BuzzFeed Product Design Intern
Project overview
Project background
On BuzzFeed Community team, moderating toxic comments/spam is one of the moderators' work. There were significant user experience and efficiency issues on this tool, which made the inbox queue never hit zero. By redesigning the comments moderation tool, I improved moderators' work experience and performance. At the same time, our data scientist team introduced an NLP algorithm to help the moderation work. So the new interface I designed should be able to communicate the new workflow after the NLP algorithm auto-hides/auto-flags some comments. By covering these two aspects, my design improved moderators' work efficiency significantly on moderating comments.
My process
Timeline
July - Aug, 2019
Team
Xu Zeng (Product Design, UX Research)
Dilip Rajan (PM)
Abram Handler (DS)
David Dunlop (SDE)
Define the problem
User problems
Understand the auto-moderation flow
The flow before introducing the auto-flag/hide algorithm:
The flow after introducing the auto-flag/hide algorithm:
Opportunities
I worked together with the PM to define the scope and primary focus of this project.
1. Overall user experience improvements
- Clearer navigational hierarchy.
- No more batching - moderate and dismiss comments individually.
- Indicate the size of the queue so that moderators can see progress.
2. Make frequent actions easier
- Shortcut link to view a user’s past comment
- Search for all comments that belong to a particular post (search was only by the user).
3. Integrate comment classification service
- Auto-hide comments with a high level of detected toxicity/spam
- Auto-flag comments with a medium level of detected toxicity/spam
- Visual cues to help moderators understand why a comment was moderated
Solve the problem
Simplify the high level structure
Without formal training, non-tech background moderators have difficulties understanding the tool's mechanism. Showing too much detail information of the backend mechanism would confuse the moderators, but showing too little information is not applicable, neither.
Test and make the design decision:
Usability tests show that the moderators follow the same working flow of moderating (1) flagged (auto-flag+reader’s flag) and (2) auto-hidden comments. Moderators care about the comments' content instead of how /why they are added to the queue.
Only "unreviewed" and "reviewed" are the best categorize way to show moderators their to-do work and finished work. Usability tests show that other categorize methods can not indicate that clearly.
Moving forword:
Redesign the comment format to make it easy to scan and take actions on
The new design pattern of the tag was introduced to BuzzFeed's design library after this project.
Moving forwrd:
User Flow
Moderate a thread
Track an account's comments history
Filter, sort and reviewed categoory
Impact
Quotes from the actual users:
“I do like the count of the queue.” — Kristen (Community Editor)
“I love the way it looks -- I like how clear everything is. Like flagged, auto-hidden, etc.” —Anna (Community Strategist)
“I like one thread per page.
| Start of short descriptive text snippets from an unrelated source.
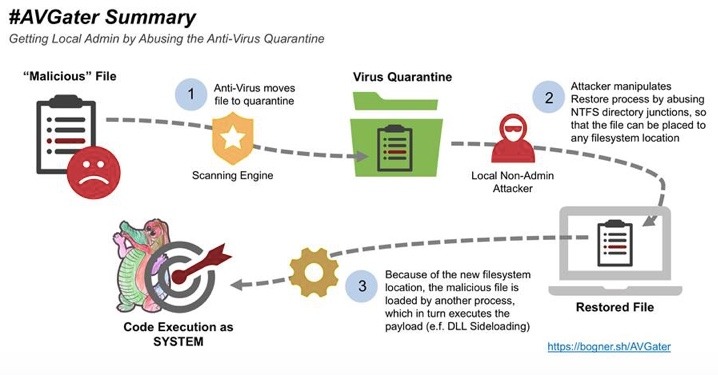 #AVGater summary: getting local admin by abusing the anti-virus quarantine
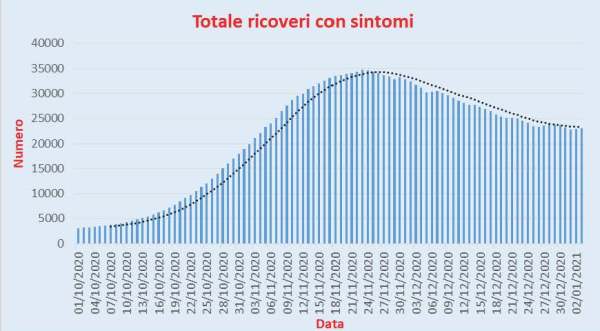 Bollettino Coronavirus Italia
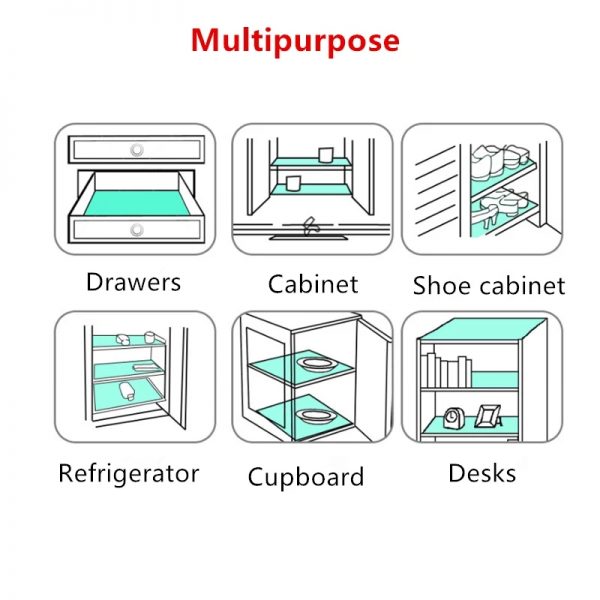 Anti-Bacterial Fridge Mat ( 3 Meter Roll )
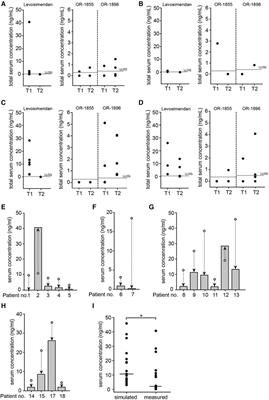 Serum concentrations of levosimendan and its metabolites OR-1855 and OR-1896 in cardiac surgery patients with cardiopulmonary bypass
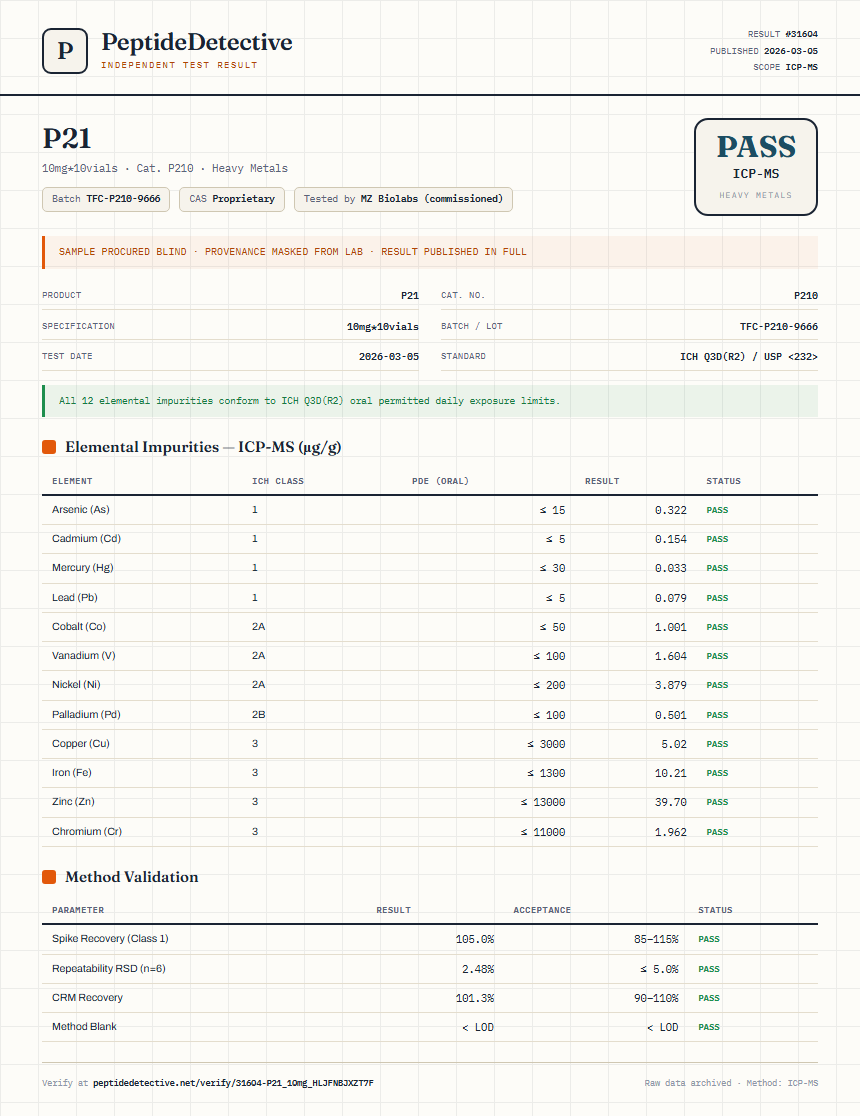 P21 Heavy Metals report by PeptideDetective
The older one (10 threads per page) sometimes gets overwhelming.” — Austin (Community Editor)
Reflections
What did I learn?
Design
- visual design, interaction design, product thinking, typography, alignment, negative space, choose the color, visual hierarchy
- usability test, heuristic evaluation, context inquiry
- keep my design consistent with BuzzFeed’s Solid Design System and make a contribution to it
- share early, seek for feedback and learn from the feedback
- explore and iteration as much as I can
Communication
- meet the actual users and visit them in their work settings
- document my process and share it the design team and the product team
- seek/provide feedback and learn from other designers
- build trust with other designers and the product team
- collaborate with all the stakeholders: PM, Dev, DS and moderators
- be flexible about the process and timeline
Domain Knowledge
- online community
- design to communicate machine learning-enabled application with non-tech users
- internal tool with the goal of efficiency
Where can I improve if I have another chance?
I'd like to go deep in the emotional part. Unlike other applications/tools, the target users are using this tool to finish an unpleasant task. I understand their feeling, and I hope I can use design to improve their work experience.